Welcome to our dedicated page for MDJM SEC filings (Ticker: UOKA), a comprehensive resource for investors and traders seeking official regulatory documents including 10-K annual reports, 10-Q quarterly earnings, 8-K material events, and insider trading forms.

The MDJM LTD (UOKA) SEC filings page on Stock Titan brings together the company’s regulatory disclosures as a foreign private issuer. MDJM files reports with the U.S. Securities and Exchange Commission on Form 20-F and Form 6-K, providing details on its culture-driven asset management operations, capital structure, governance decisions, and interactions with The Nasdaq Stock Market.
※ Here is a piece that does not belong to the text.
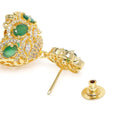 Kundan Style Emerald Crown Jhumka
In these filings, MDJM describes itself as a Cayman Islands company with principal executive office in Fife, United Kingdom, and outlines its focus on transforming historical properties such as Fernie Castle and the Robin Hill property into cultural and hospitality hubs. Investors can review interim financial statements, notes on revenue from hotel income, and geographic information indicating that a majority of revenue is derived from the United Kingdom. The filings also document discontinued operations related to prior activities in the People’s Republic of China.

Key filing topics for MDJM include shareholder meeting results, authorization of new classes of ordinary shares (Class A and Class B), increases in authorized share capital, and amendments to the memorandum and articles of association. Governance filings cover director elections, board changes, and the appointment of independent directors. Regulatory correspondence with Nasdaq is disclosed through 6-K reports that describe minimum bid price compliance, hearing outcomes, continued listing decisions, and the imposition of a one-year Discretionary Panel Monitor.

On Stock Titan, MDJM filings are updated in real time from EDGAR and supported by AI-powered summaries that highlight the main points in lengthy documents such as annual reports on Form 20-F and interim 6-Ks. Users can quickly see how capital structure has evolved, how hotel income and UK operations are presented in the notes, and how listing compliance matters are addressed. Access to these filings, along with AI explanations, helps readers understand MDJM’s regulatory history, corporate actions, and risk disclosures without having to parse every technical detail manually.

Rhea-AI Summary

MDJM LTD is offering 24,600,000 Class A Ordinary Shares at $0.1015 per share pursuant to a Securities Purchase Agreement dated Feb 27, 2026. The prospectus supplement states net proceeds to the Company are $0.094395 per share, or $2,322,117 in the aggregate, before expenses. Upon completion of the offering the Company projects 43,079,922 Class A Ordinary Shares outstanding and 408,000 Class B Ordinary Shares, with dual-class voting described in the supplement. The shares are listed on Nasdaq under the symbol UOKA. The supplement discloses related-party and intercompany transfers of proceeds into the UK operating subsidiary and summarizes operational, regulatory, and execution risks tied to the Company’s strategic shift to a cultural IP and hospitality-focused model.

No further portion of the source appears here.